▶ TO DO: The answer should match the entries that follow exactly, except that no image appears in it.

▶ DATA TO USE:
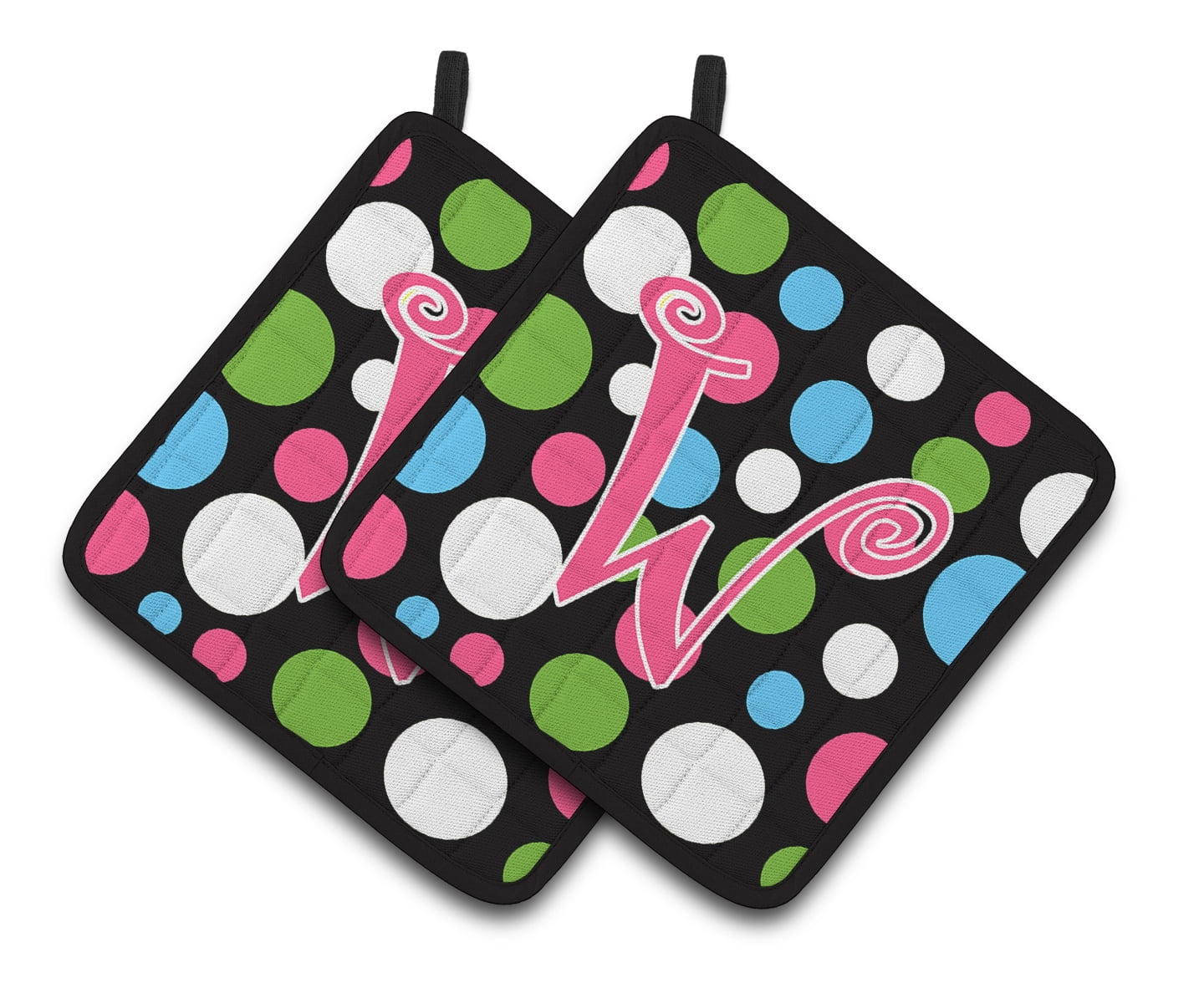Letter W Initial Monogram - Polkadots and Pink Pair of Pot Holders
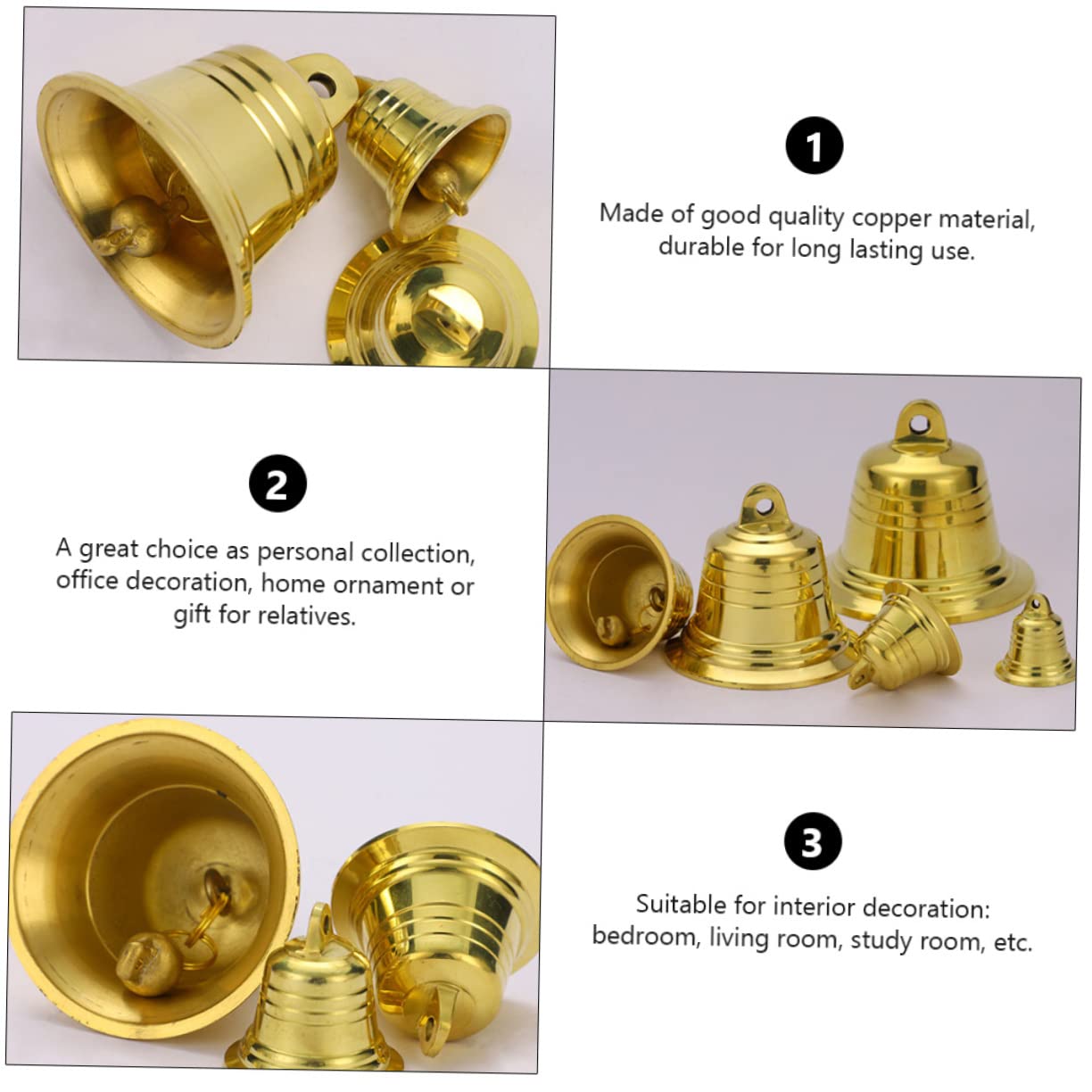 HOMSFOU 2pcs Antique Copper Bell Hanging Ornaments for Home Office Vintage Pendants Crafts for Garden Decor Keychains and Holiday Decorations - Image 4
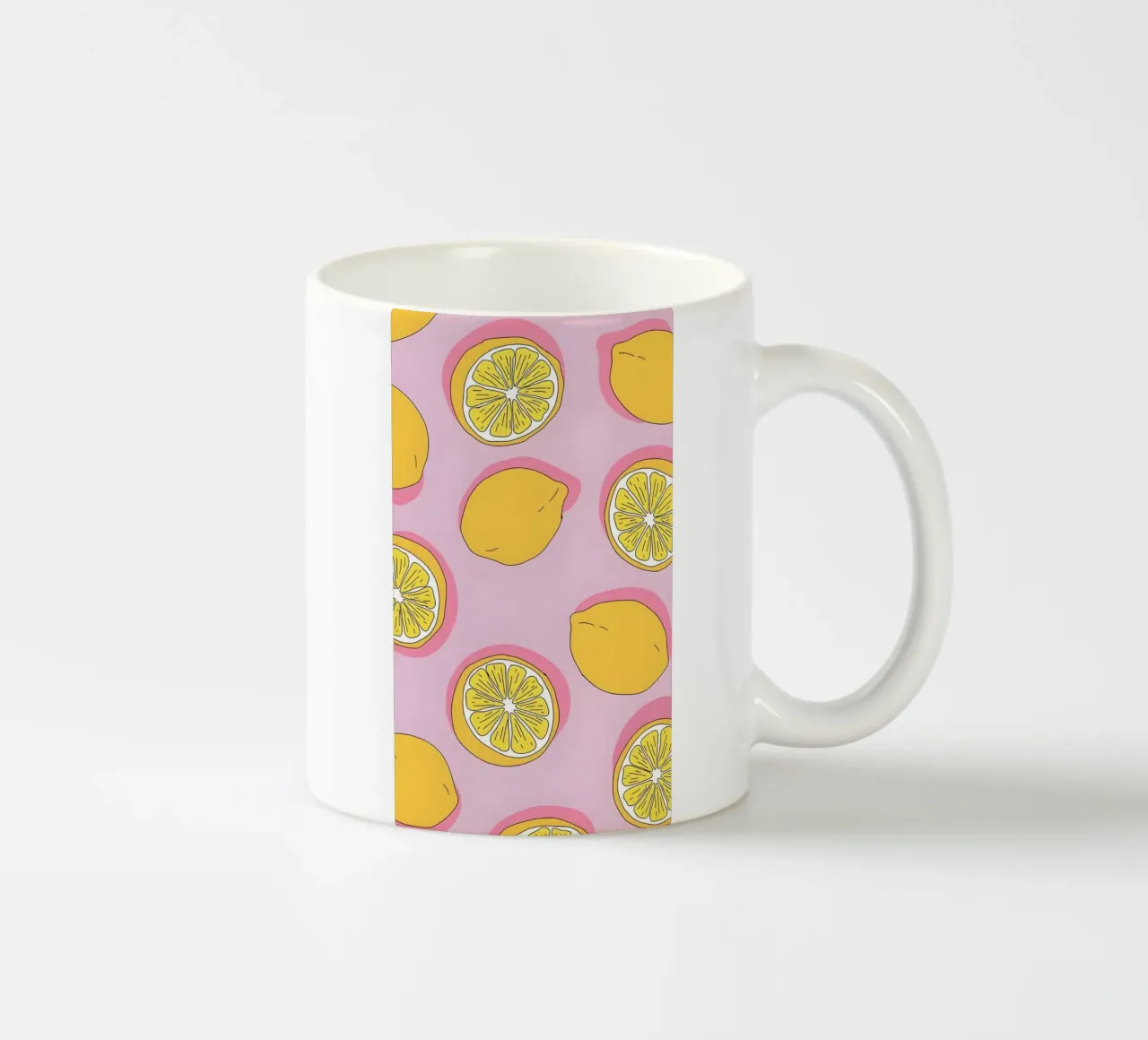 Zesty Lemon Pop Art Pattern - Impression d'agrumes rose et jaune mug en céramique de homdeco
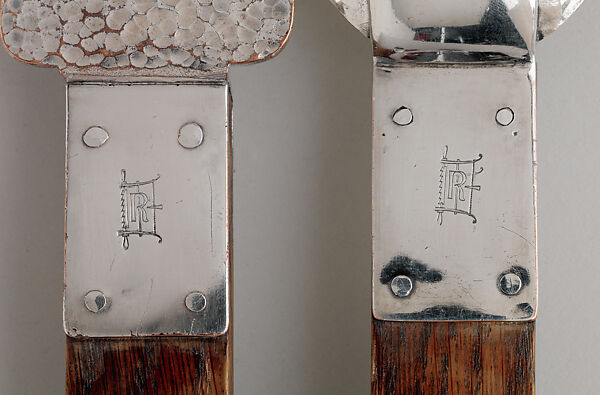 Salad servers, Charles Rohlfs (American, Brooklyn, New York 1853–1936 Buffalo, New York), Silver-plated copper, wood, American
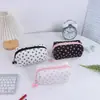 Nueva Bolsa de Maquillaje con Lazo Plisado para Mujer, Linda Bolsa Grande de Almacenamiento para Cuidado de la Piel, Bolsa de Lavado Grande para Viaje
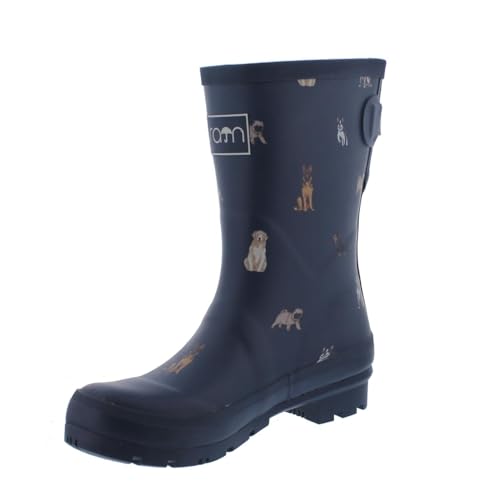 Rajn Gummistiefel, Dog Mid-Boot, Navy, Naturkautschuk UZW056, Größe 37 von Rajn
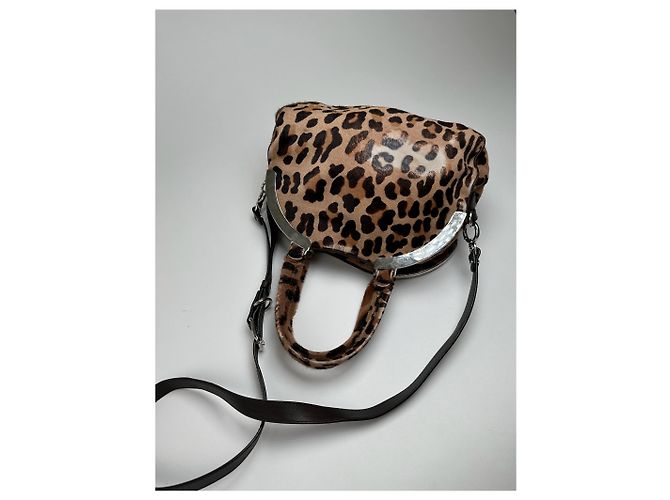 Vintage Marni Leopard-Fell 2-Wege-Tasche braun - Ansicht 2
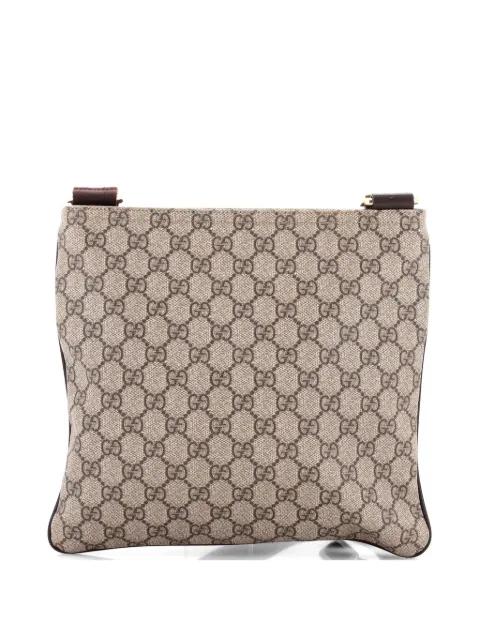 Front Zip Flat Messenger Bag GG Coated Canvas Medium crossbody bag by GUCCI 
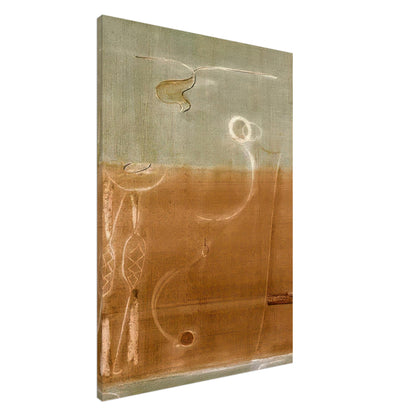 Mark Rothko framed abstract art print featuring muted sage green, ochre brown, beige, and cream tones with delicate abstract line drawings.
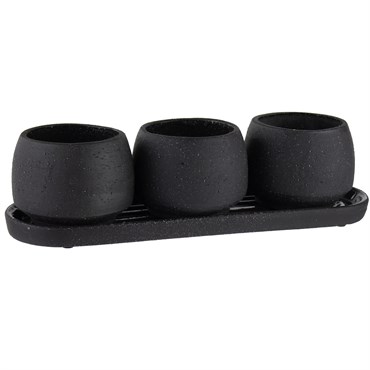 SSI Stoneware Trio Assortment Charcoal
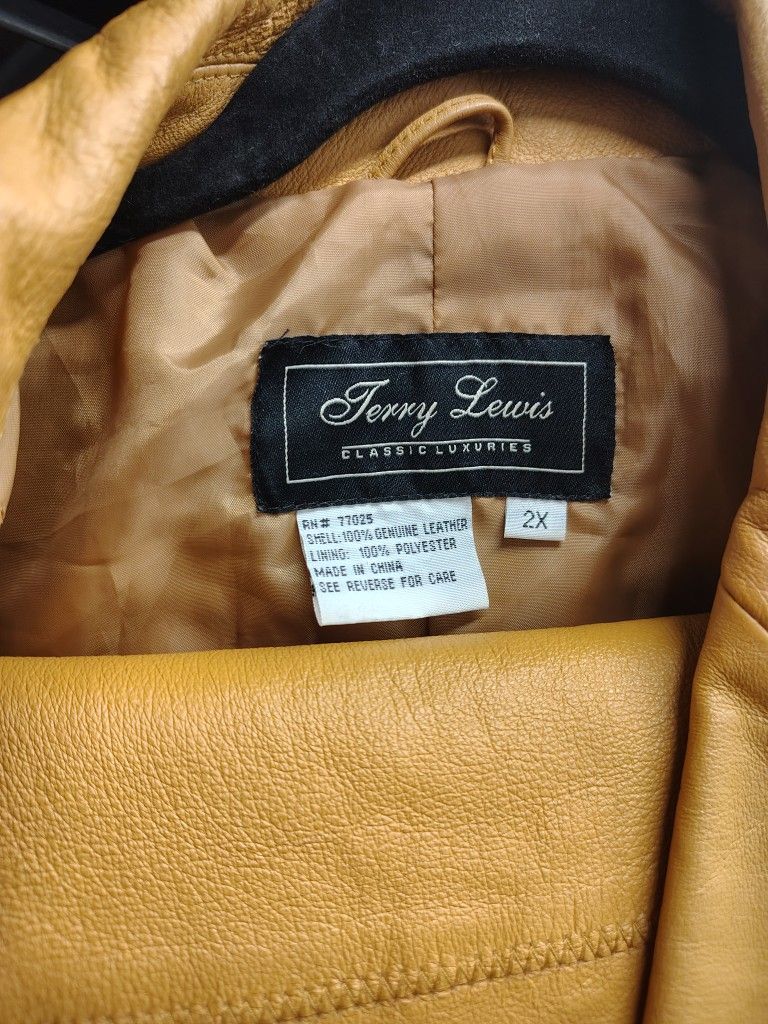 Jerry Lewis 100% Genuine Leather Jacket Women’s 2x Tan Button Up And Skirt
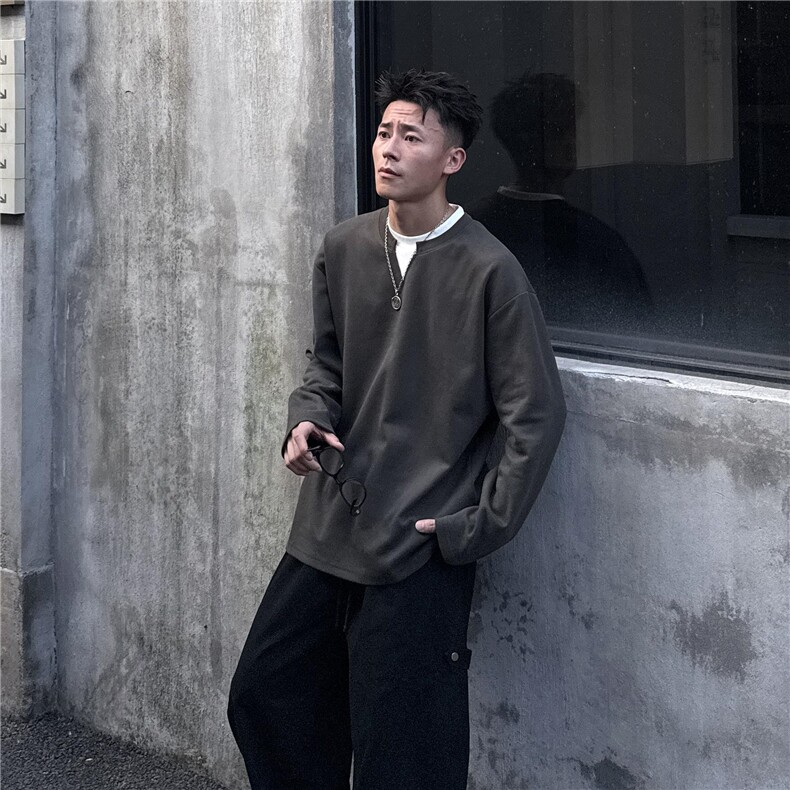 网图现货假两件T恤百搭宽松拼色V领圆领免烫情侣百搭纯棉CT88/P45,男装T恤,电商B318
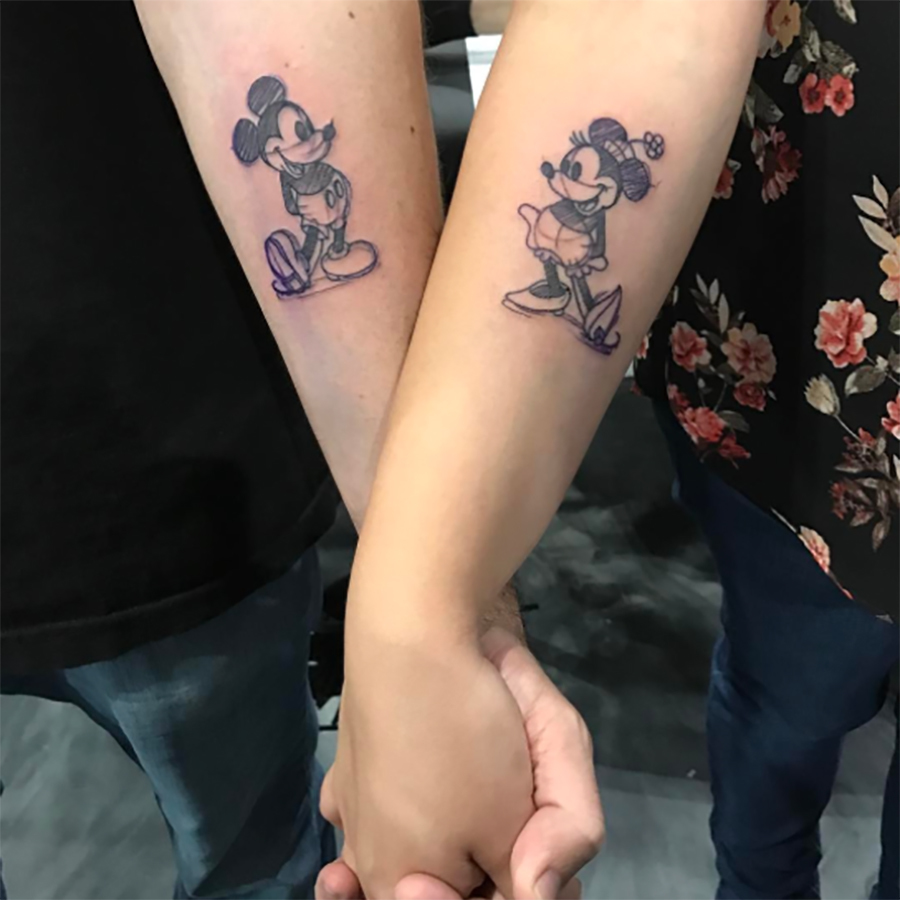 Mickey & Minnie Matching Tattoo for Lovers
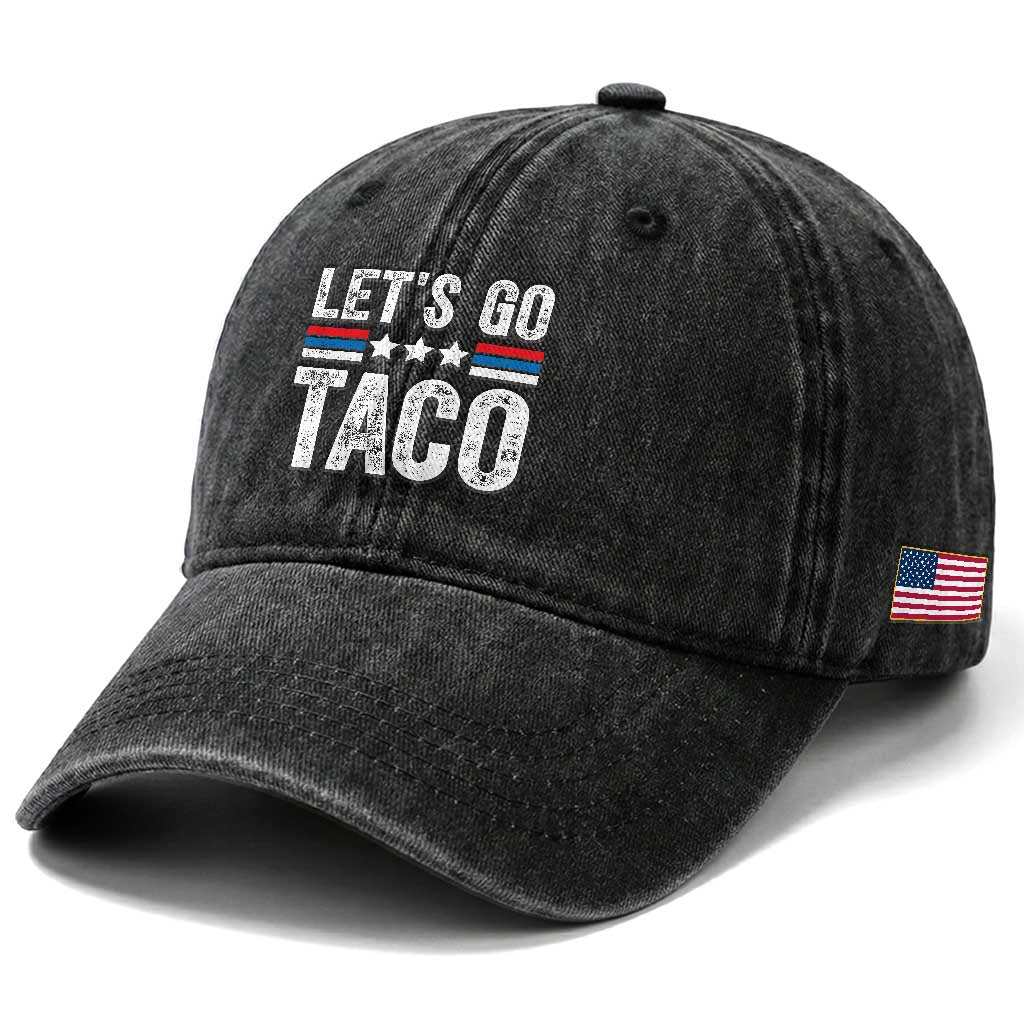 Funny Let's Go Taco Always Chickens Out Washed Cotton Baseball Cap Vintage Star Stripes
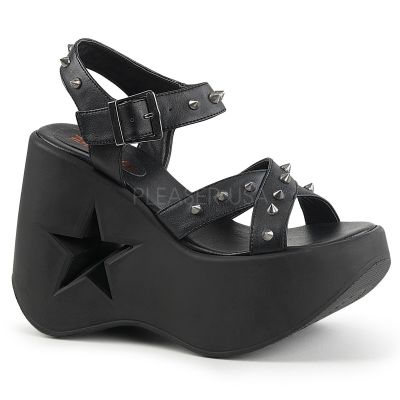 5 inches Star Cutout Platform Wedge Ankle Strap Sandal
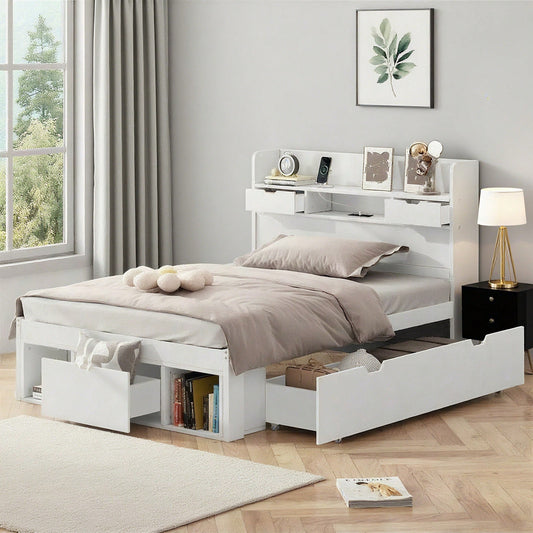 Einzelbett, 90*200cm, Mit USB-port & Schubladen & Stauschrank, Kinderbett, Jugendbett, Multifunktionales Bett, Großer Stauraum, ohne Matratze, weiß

▶ RESPONSE AREA:
Letter W Initial Monogram - Polkadots and Pink Pair of Pot Holders
 HOMSFOU 2pcs Antique Copper Bell Hanging Ornaments for Home Office Vintage Pendants Crafts for Garden Decor Keychains and Holiday Decorations - Image 4
 Zesty Lemon Pop Art Pattern - Impression d'agrumes rose et jaune mug en céramique de homdeco
 Salad servers, Charles Rohlfs (American, Brooklyn, New York 1853–1936 Buffalo, New York), Silver-plated copper, wood, American
 Nueva Bolsa de Maquillaje con Lazo Plisado para Mujer, Linda Bolsa Grande de Almacenamiento para Cuidado de la Piel, Bolsa de Lavado Grande para Viaje
 Rajn Gummistiefel, Dog Mid-Boot, Navy, Naturkautschuk UZW056, Größe 37 von Rajn
 Vintage Marni Leopard-Fell 2-Wege-Tasche braun - Ansicht 2
 Front Zip Flat Messenger Bag GG Coated Canvas Medium crossbody bag by GUCCI 
 Mark Rothko framed abstract art print featuring muted sage green, ochre brown, beige, and cream tones with delicate abstract line drawings.
 SSI Stoneware Trio Assortment Charcoal
 Jerry Lewis 100% Genuine Leather Jacket Women’s 2x Tan Button Up And Skirt
 网图现货假两件T恤百搭宽松拼色V领圆领免烫情侣百搭纯棉CT88/P45,男装T恤,电商B318
 Mickey & Minnie Matching Tattoo for Lovers
 Funny Let's Go Taco Always Chickens Out Washed Cotton Baseball Cap Vintage Star Stripes
 5 inches Star Cutout Platform Wedge Ankle Strap Sandal
 Einzelbett, 90*200cm, Mit USB-port & Schubladen & Stauschrank, Kinderbett, Jugendbett, Multifunktionales Bett, Großer Stauraum, ohne Matratze, weiß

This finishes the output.